BEAS-2B and IB3-1 cells²⁸ were cultured in DMEM with 10% FBS and LHC-8 medium with 5% FBS, respectively, and treated with cyclophosphamide at 0, 15, 30, 80, and 200 μg/ml followed by HD-Ad-hCFTR vector transduction at 50 MOI (infectious vector particles per cell). RNA was isolated from cells 2 days after treatment, and vector-derived hCFTR mRNA was analyzed by RT-qPCR. Protein samples were prepared 3 days after treatment, and the hCFTR protein was detected with anti-CFTR antibody by Western blot.

Statistical analysis

There are 10 mice for each group. Student's t-test or one-way ANOVA followed by Holm's multiple comparison was used to compare data pairs or sets, respectively. Data are presented as mean ± SEM. p < 0.05 was considered significant (*p < 0.05, **p < 0.01).

Results

Long-term expression of the human CFTR and reporter LacZ in mouse lungs

To examine whether transient administration of immunosuppressants or anti-inflammatory reagents could improve transgene expression, three groups of mice were treated, respectively, with cyclophosphamide, dexamethasone, or the triple-drug combination of cycolosporin A, azathioprine, and methylprednisolone via i.p. injection 6 hr before and 48 hr after vector delivery. Human CFTR mRNA from mouse lung tissues was measured by real-time qPCR four months later. To determine exogenous CFTR with real-time PCR, the primers were designed to include vector sequences that do not recognize the endogenous mouse CFTR gene. We found that the level of human CFTR mRNA was 2.7 times higher in lungs of the mice treated with cyclophosphamide compared with the no-treatment control group. This result suggests that transient administration of cyclophosphamide significantly prolonged the transgene expression (Fig. 1). Interestingly, cyclophosphamide was found to be the most efficient among all drugs tested in this study for improving long-term transgene expression because the mRNA level of CFTR in this group was significantly higher than that in Dex and the drug combination groups (p < 0.01). Anti-inflammatory reagent dexamethasone did not affect the long-term expression of the human CFTR gene in mouse airways. There was no difference in mRNA expression of hCFTR between the Dex-treated and control mice. The mice treated with the triple-drug combination did not improve hCFTR gene expression and the expression level was lower, even though the difference was not significant compared with that of the control group.

Figure 1.

Expression of transgene in mouse lungs. (a) mRNA level of hCFTR in mouse lungs was detected by real-time RT-qPCR 4 months after HD-Ad-hCFTR vector transduction with or without drug treatment. (b) β-Galactosidase activity in mouse lung was determined by chemiluminescence assay 100 days after HD-Ad-LacZ vector transduction and treated with cytoxan. (c) Levels of hCFTR expression 4 months after vector transduction with or without cytoxan treatment compared with the expression levels 3 days posttransduction without any treatment. (d) The human CFTR protein was detected in mouse epithelial cell apical membrane by immune fluorescence with the antihuman CFTR antibody after 3-day transduction of HD-K18-CFTR vector. n = 9, *p < 0.05, **p < 0.01.

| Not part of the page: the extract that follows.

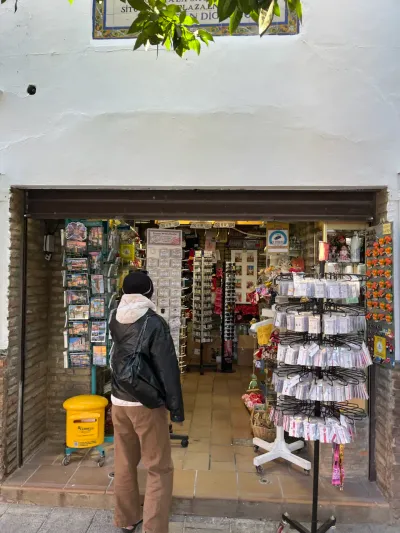 Doomsa Honeymoon Day 5: Shopping in Porto, Visit Seville Cathedral - 3 Plaza del Triunfo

To further investigate whether the effect of cyclophosphamide on sustained expression of the CFTR transgene can be extended to other genes, we examined the long-term expression of the LacZ reporter gene in mouse lungs with similar treatments. Using chemiluminescent assays, we showed that the activity of β-galactosidase in mice treated with cyclophosphamide after 100 days was significantly higher than that of the group without treatment (p < 0.05) (Fig. 1b). This indicates that transient administration of cyclophosphamide can significantly improve the long-term expression of transgenes in mouse airways and the effect is not gene specific.

Because airway epithelial cells turn over and our gene therapy vector does not integrate into the genome of host cells, expression of transgenes in the airway is expected to decrease over time. To determine how much transgene expression remains 4 months after vector delivery, we compared the level of hCFTR mRNA between 4 months and 3 days after vector transduction. Assuming the level of expression at day 3 is the maximal (100%), we found that the human CFTR mRNA expression level at 4 months after cyclophosphamide treatment remained around 42% (Fig. 1c).

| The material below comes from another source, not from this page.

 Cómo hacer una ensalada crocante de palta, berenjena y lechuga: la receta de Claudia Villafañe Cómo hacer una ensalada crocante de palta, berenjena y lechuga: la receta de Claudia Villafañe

To investigate whether cyclophosphamide affects prolonged transgene expression or vector transduction, we collected lung tissues 3 days after gene delivery and determined the level of hCFTR expression. We found no significant difference in vector CFTR mRNA levels between mice with and without cyclophosphamide treatment (Supplementary Fig. S1; Supplementary Data are available online at www.liebertpub.com/hum). This result suggested that cyclophosphamide does not affect vector transduction in mouse airway. To further confirm this result, similar experiments were performed in a CF cell line (IB3-1 cells) with cyclophosphamide at 0, 15, 30, 80, and 200 μg/ml. No difference in levels of vector-derived CFTR mRNA level or protein was observed between cells with or without cyclophosphamide treatment (Supplementary Fig. S2). To examine whether the vector-specific CFTR protein was expressed, we performed immunostaining on mouse lung tissues with a human CFTR-specific antibody 3 days after vector delivery. Figure 1d shows that the human CFTR protein was expressed on the apical membrane of bronchial epithelial cells, which mimics the pattern of wild-type CFTR expression in vivo.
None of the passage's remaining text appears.